===== Exercise data

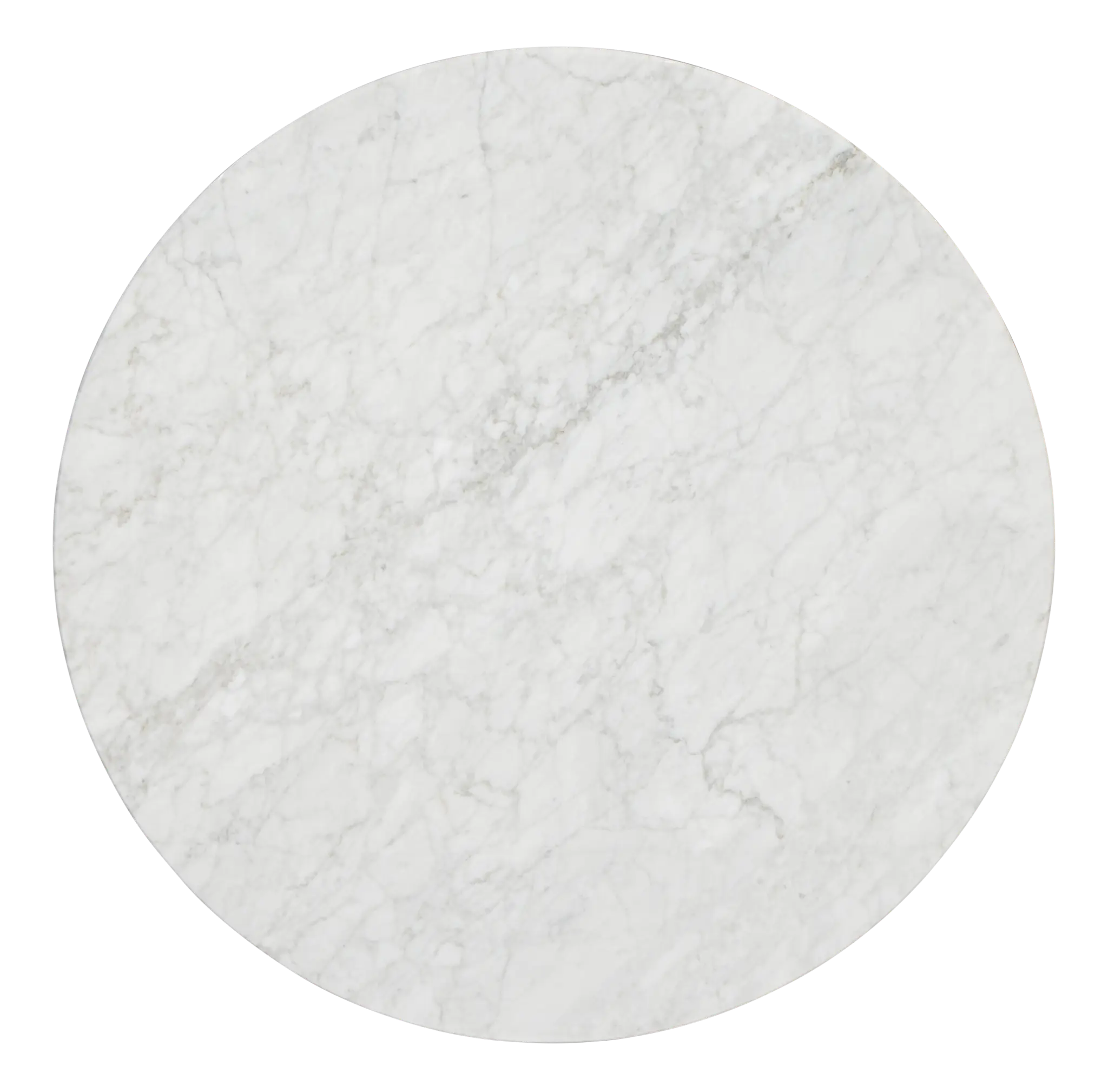 Amalfi Marble Pub Table Amalfi Marble Pub Table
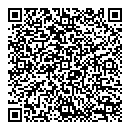 QR код "Wild Cat"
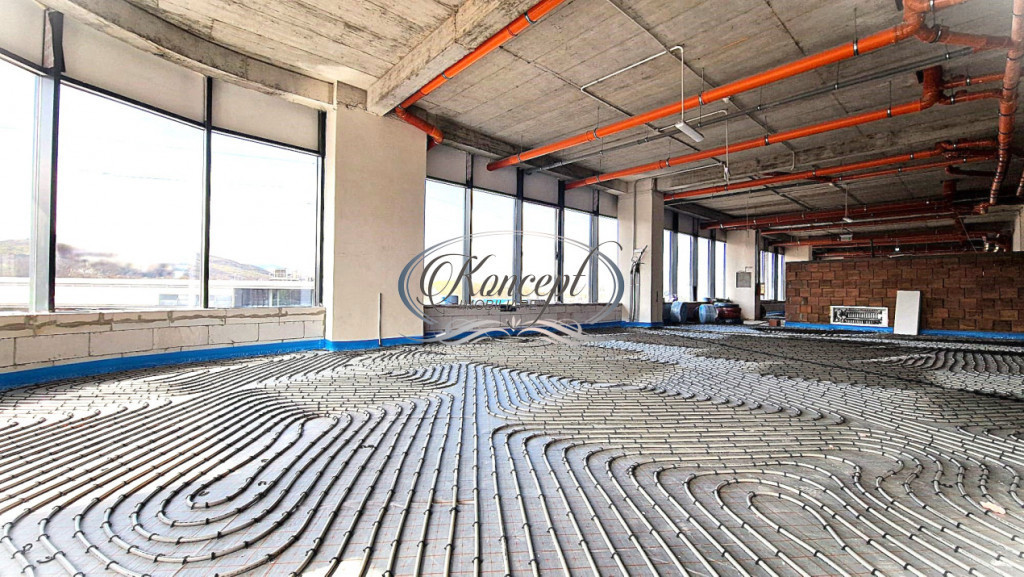 Spatiu comercial la cheie, expunere premium, zona cu trafic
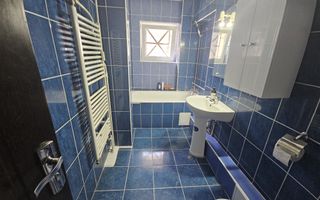 Apartament 3 camere/ Decomandat/ Metrou Dristor/ McDonalds - Poză 12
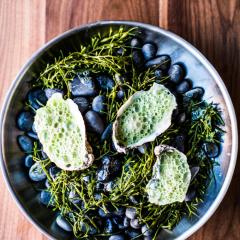 Kimpton Aertson Hotel by IHG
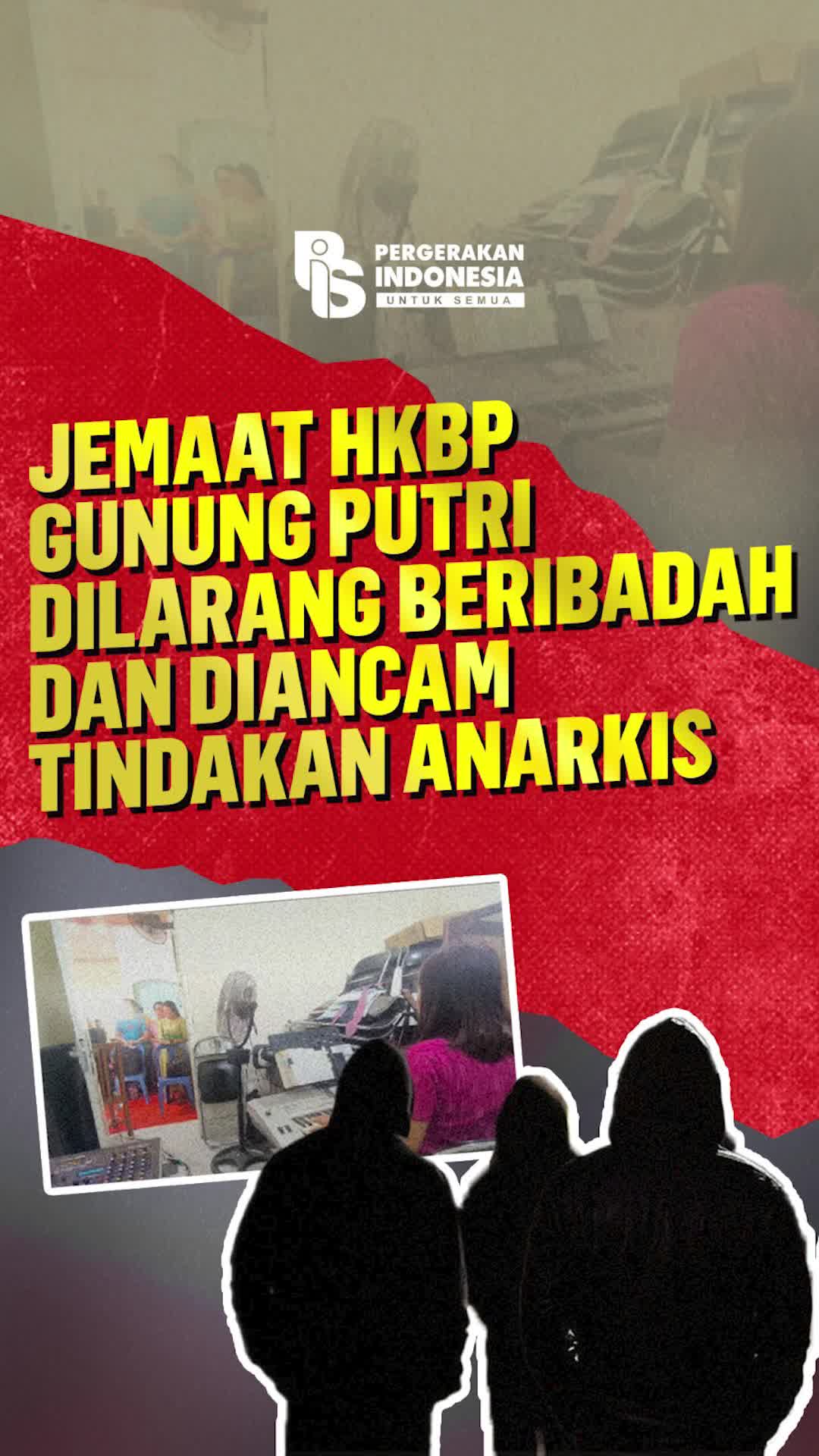 @gerakanpisofficial_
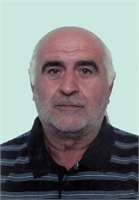 Giuseppe Lancellotti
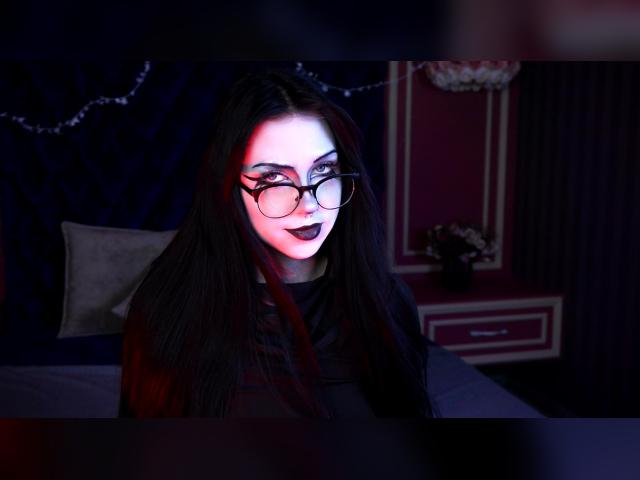 Welcome to cammodel profile for JessicaSod1: Lingerie & stockings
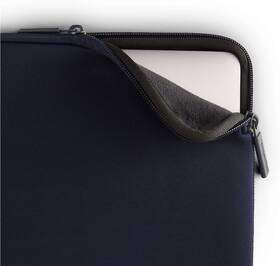 Puzdro na notebook Pipetto Classic Fit Sleeve V2, MacBook 13/14 

 obrázok produktu 6 z 11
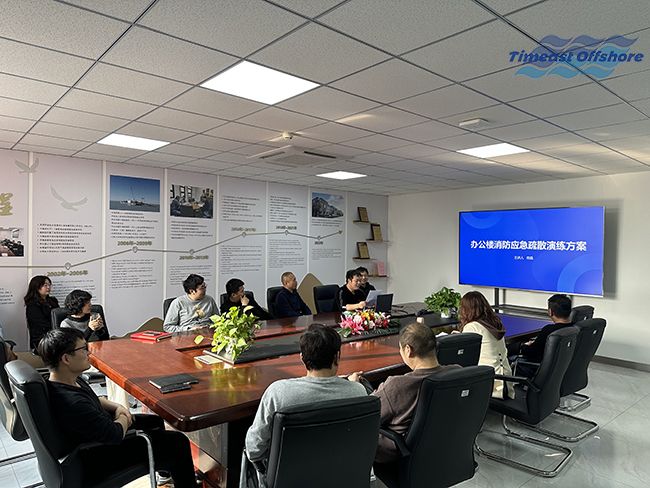 �ػ���˾�����ߣ���ʵ������ȫ��ѵ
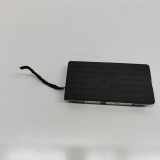 Drahtlose Smartphone Ladestation AUDI Q8 E-TRON Sportback 55 quattro 4N0035502B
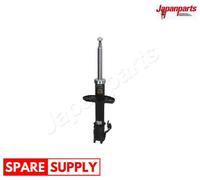 SHOCK ABSORBER FOR TOYOTA JAPANPARTS MM-20004 FITS FRONT AXLE RIGHT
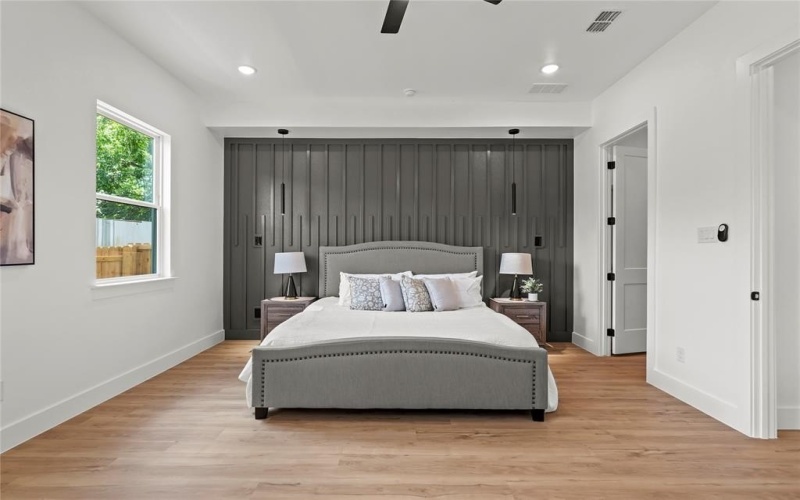 404 Cleaves Street, Dallas, TX 75203, 4 Habitaciones Habitaciones , ,3 BañosBaños,Residential,En Venta,404 Cleaves Street,20983419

==========

- _Task details_: Please print the data above once more, exactly as it appears, with no pictures.

- _Result of this exercise_:
 Amalfi Marble Pub Table Amalfi Marble Pub Table
 QR код "Wild Cat"
 Spatiu comercial la cheie, expunere premium, zona cu trafic
 Apartament 3 camere/ Decomandat/ Metrou Dristor/ McDonalds - Poză 12
 Kimpton Aertson Hotel by IHG
 @gerakanpisofficial_
 Giuseppe Lancellotti
 Welcome to cammodel profile for JessicaSod1: Lingerie & stockings
 Puzdro na notebook Pipetto Classic Fit Sleeve V2, MacBook 13/14 

 obrázok produktu 6 z 11
 �ػ���˾�����ߣ���ʵ������ȫ��ѵ
 Drahtlose Smartphone Ladestation AUDI Q8 E-TRON Sportback 55 quattro 4N0035502B
 SHOCK ABSORBER FOR TOYOTA JAPANPARTS MM-20004 FITS FRONT AXLE RIGHT
 404 Cleaves Street, Dallas, TX 75203, 4 Habitaciones Habitaciones , ,3 BañosBaños,Residential,En Venta,404 Cleaves Street,20983419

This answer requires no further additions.